■ **EXERCISE**: Skip the pictures. Output only the lines below starting at the line with "Bluzka LIVIA, print/zielona" and ending at the line with "Philips Plafón LED", both ends included, exactly as they are.
══════════
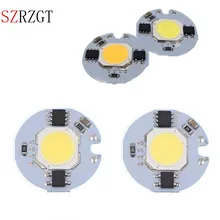 10 шт. COB светодиодный чип 3 Вт 5 Вт 7 Вт 9 Вт светодиодный Лампа COB 220 В IP65 умный IC драйвер Холодный/теплый белый Светодиодный прожектор Прожектор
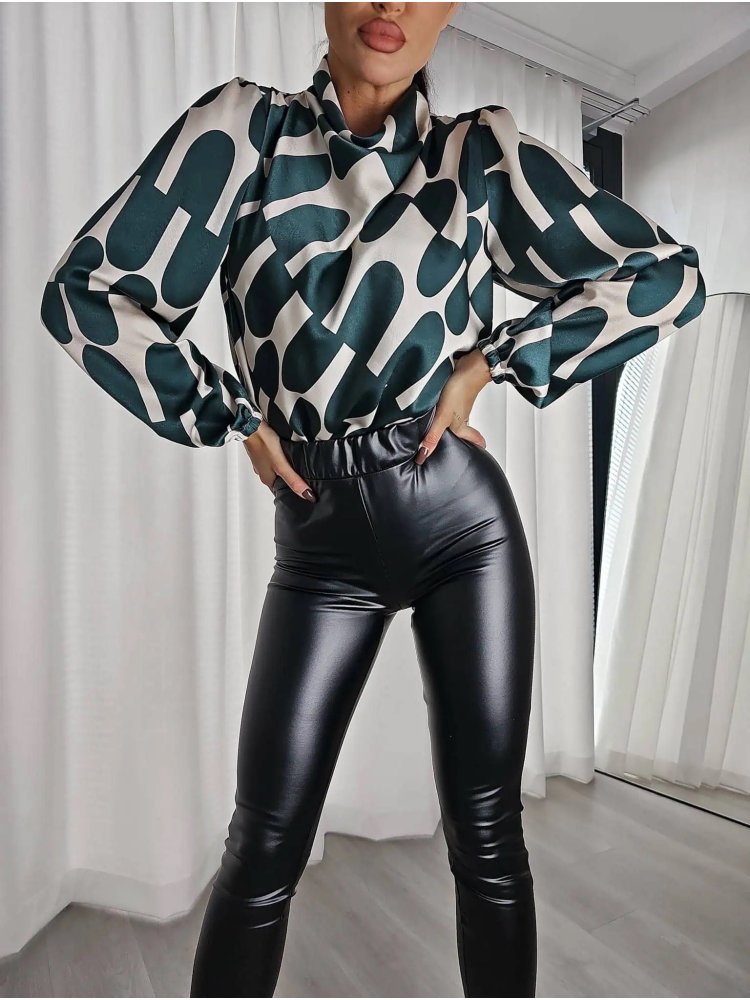 Bluzka LIVIA, print/zielona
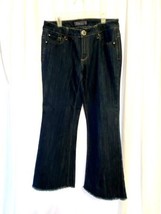 Baccini Womens Jeans Size 6 Blue Denim Wide Leg 30 in waist 28 inseam Mid Rise - £9.40 GBP
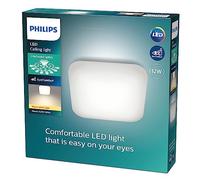 Philips Plafón LED de techo Mauve, 12W, 1.200 lúmenes, 2.700 K, luz cálida, 26x26 cm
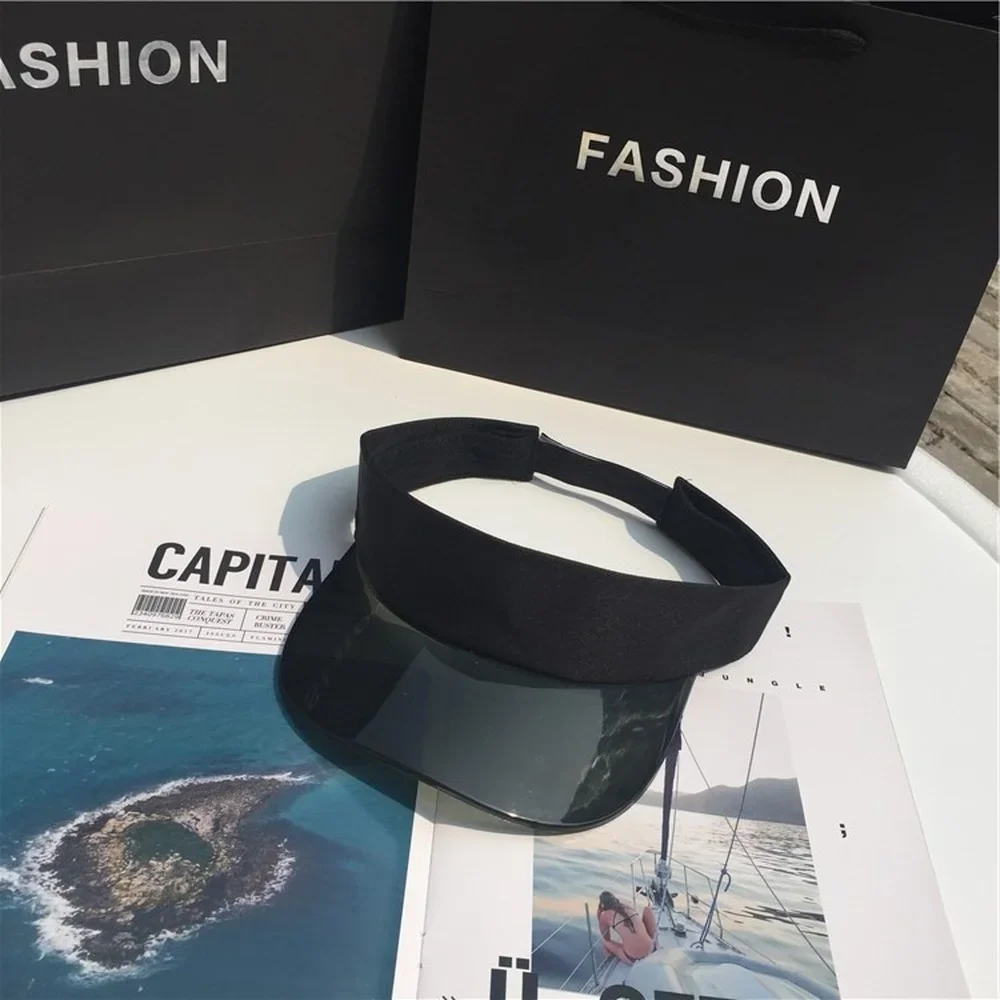 Sun Hat Sun Protection Hat Empty Top Hat Anti-UV Transparent Empty Top Summer Sun Hat Plastic PVC for Women Men Outdoor Sport Bicycle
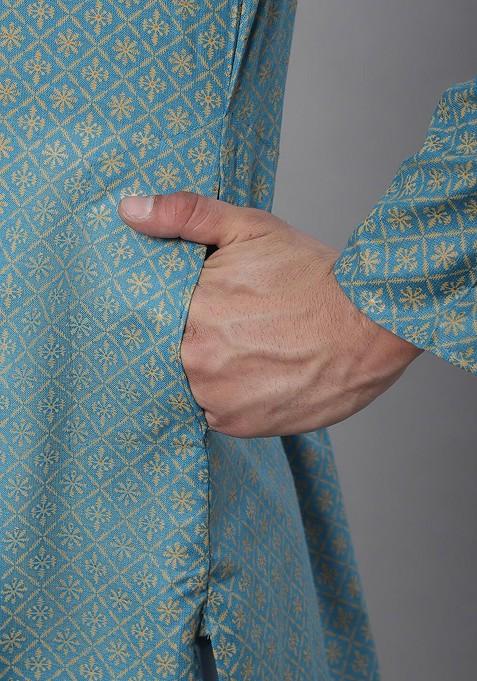 Blue Ethnic Motifs Cotton Kurta Set For Men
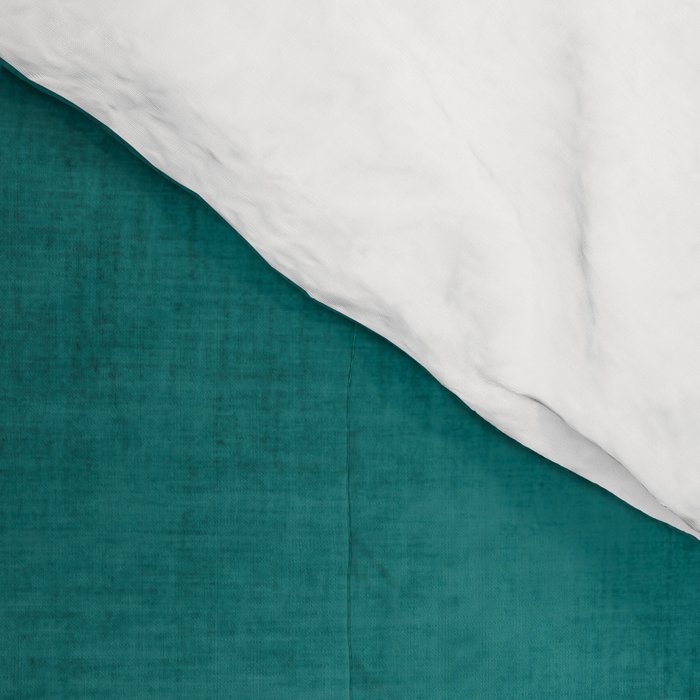 Teal Rich Texture Linen Minimalist Art Comforter Gallery Image 4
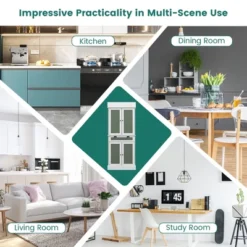 Costway 72'' Kitchen Buffet Hutch Pantry Cabinet Cupboard With 4 Doors & Adjustable Shelves -Costway GUEST 169bd9d4 e7b1 49d9 b75e db5ad2d0b84f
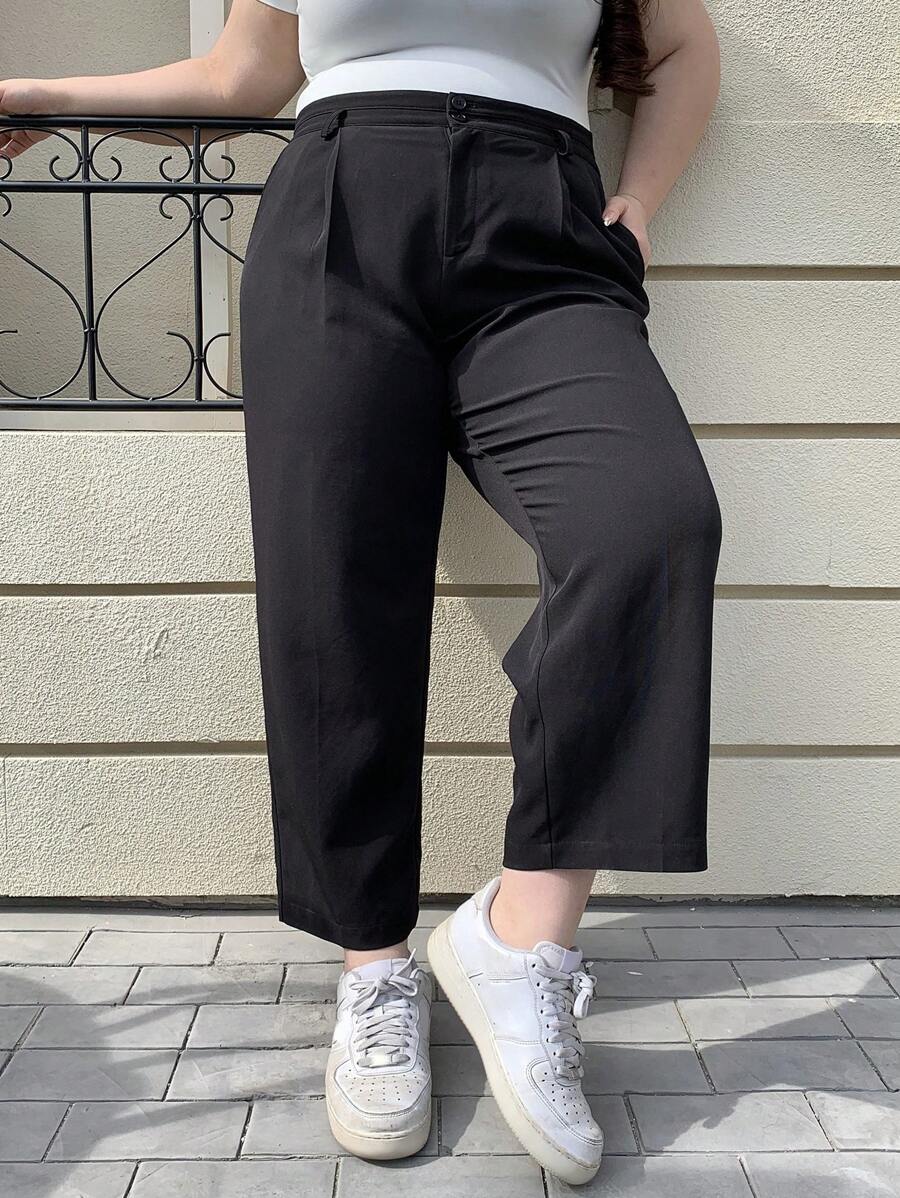 Dazy Plus Plus Size Women Two-Button Design Fitted Straight-Leg Ankle Pants, Business Casual For All Seasons Fall/Winter - Black - View 1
══════════
■ **EXERCISE SOLUTION**:
 Bluzka LIVIA, print/zielona
 Baccini Womens Jeans Size 6 Blue Denim Wide Leg 30 in waist 28 inseam Mid Rise - £9.40 GBP
 Philips Plafón LED de techo Mauve, 12W, 1.200 lúmenes, 2.700 K, luz cálida, 26x26 cm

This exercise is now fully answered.